- _Task to carry out_: Make an exact copy of the data below, leaving out every picture.

- _Data block_:
*** Block opens ***
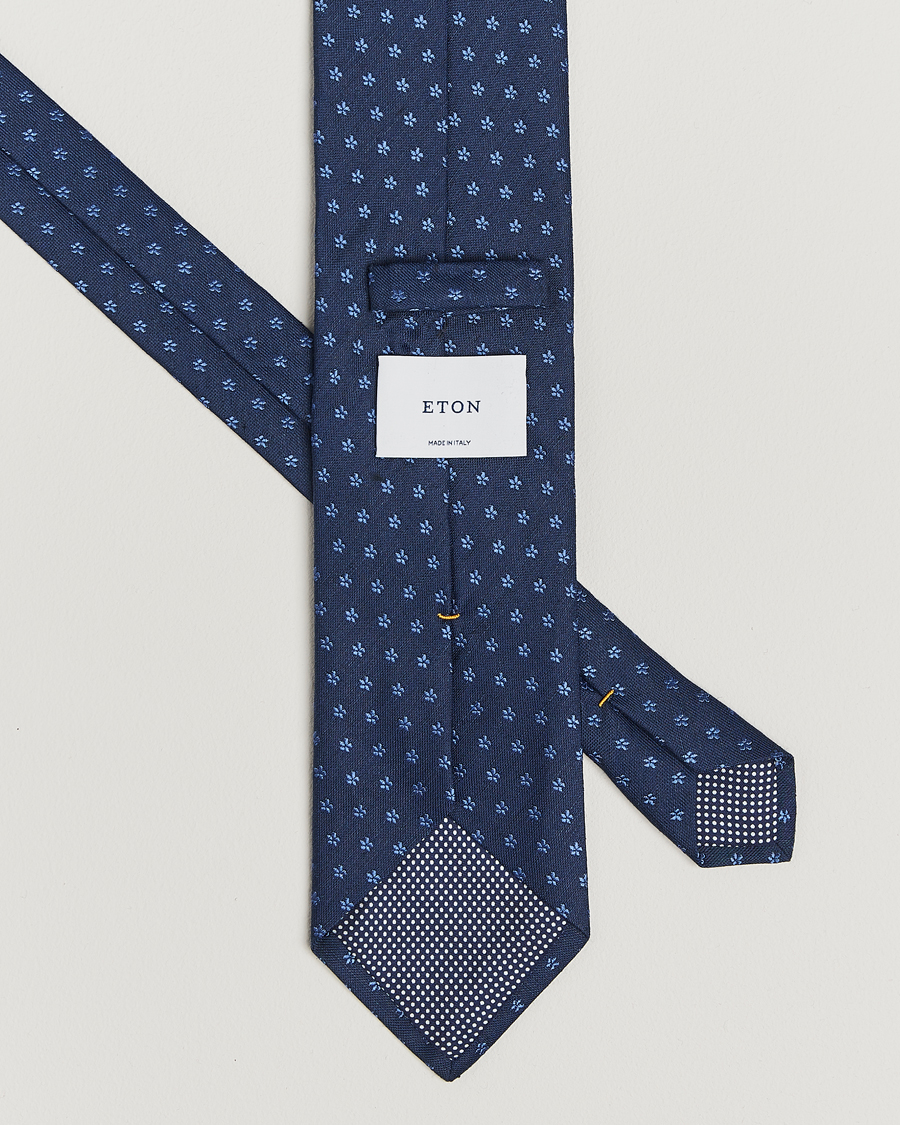Hombres | Eton Silk/Linen Floral Tie Dark Blue | Eton | Silk/Linen Floral Tie Dark Blue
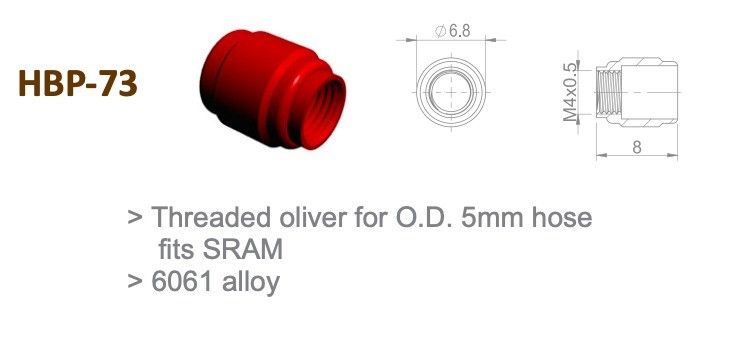 Oliva para Flexible Sram CON hilo, 5mm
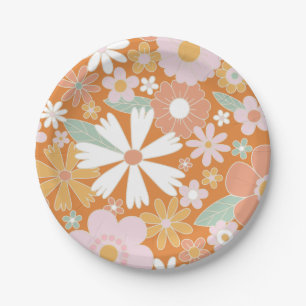 Retro Floral oranje roze Birthday Paper Bord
*** Block closes ***
- _Result of the task_:
Hombres | Eton Silk/Linen Floral Tie Dark Blue | Eton | Silk/Linen Floral Tie Dark Blue
 Oliva para Flexible Sram CON hilo, 5mm
 Retro Floral oranje roze Birthday Paper Bord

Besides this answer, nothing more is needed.